Companies such as AT&T;, Northern Telecom and International Business Machines--as well as research universities such as Massachusetts Institute of Technology and Carnegie-Mellon--have been working on speech recognition technologies for decades. Early systems had to be “trained” to understand a specific voice, and they could only understand a small number of words. They got thoroughly confused if the speaker talked too fast or slipped in a word that wasn’t part of its limited vocabulary.
But the growing power of computers and the increasing sophistication of the mathematical formulas used to analyze and understand the spoken word has solved some of these problems. Today, it’s possible to build systems that understand a few words spoken by anyone, or many words spoken carefully by one person--though it’s still difficult to combine the two.
The key to the AT&T; system is a technique called “word spotting,” which makes it possible for the system to comprehend a request even if it is phrased in many different ways. Thus a caller can say, “I’d like to make a collect call,” or, “Make this call collect.”
“This is very important for ease of use,” said Jay Wilpon, a Bell Laboratories researcher who played a key role in developing the technology. “You have to be able to talk to a voice recognizer without thinking about it.”
The AT&T; system can only identify a handful of words and phrases, but it can consistently understand virtually any intonation or accent.
Karl Kozarsky, executive vice president of Probe Research, a New Jersey telecommunications consulting firm, said the market for telephone-based voice response systems would grow from $54 million in 1991 to nearly $250 million by 1995. Voice recognition is also gaining currency on computer systems.

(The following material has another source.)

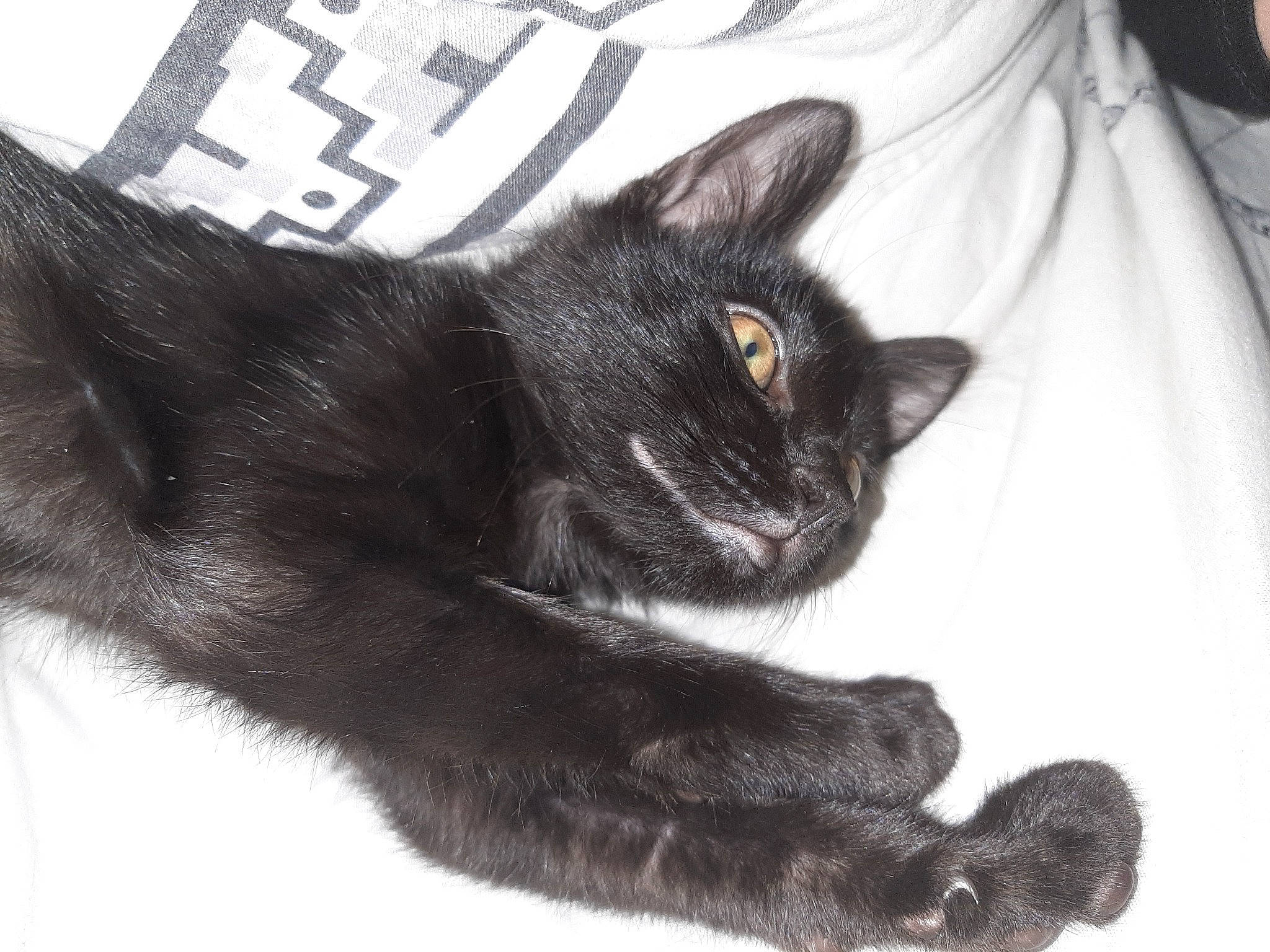 Ely a rejoint le concours — aidez-le/la à gagner de superbes lots ! black, black_cat, bombay, carnivore, cat, claw, comfort, domestic_short_haired_cat, eye, felidae, fur, grey, head, monochrome_photography, paw, sleeve, small_to_medium_sized_cats, snout, tail, whiskers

Quality control at the Saturn car factory, for example, can orally state problems into a headset and the computer system puts the corrective process in motion, according to Oberteuffer.
Voice recognition systems can also aid people with physical disabilities.
Yet the major computer companies have not yet moved to make voice input a part of their systems--both because the technology remains imperfect and expensive and because it’s not clear what benefits voice would provide for mainstream computing.
Apple Computer, for example, recently hired renowned Carnegie-Mellon voice researcher Kai-fu Lee and has come up with a system that enables a Macintosh personal computer to understand basic voice commands even without the addition of special voice-processing hardware.
But when the technology was demonstrated for reporters and analysts at a meeting on Wednesday, nearly every phrase had to be repeated two or three times before the machine understood. And Apple manager Phac Le Tuan indicated that the company wouldn’t release a product until it had also completed software that would enable people to develop their own ways of using voice commands.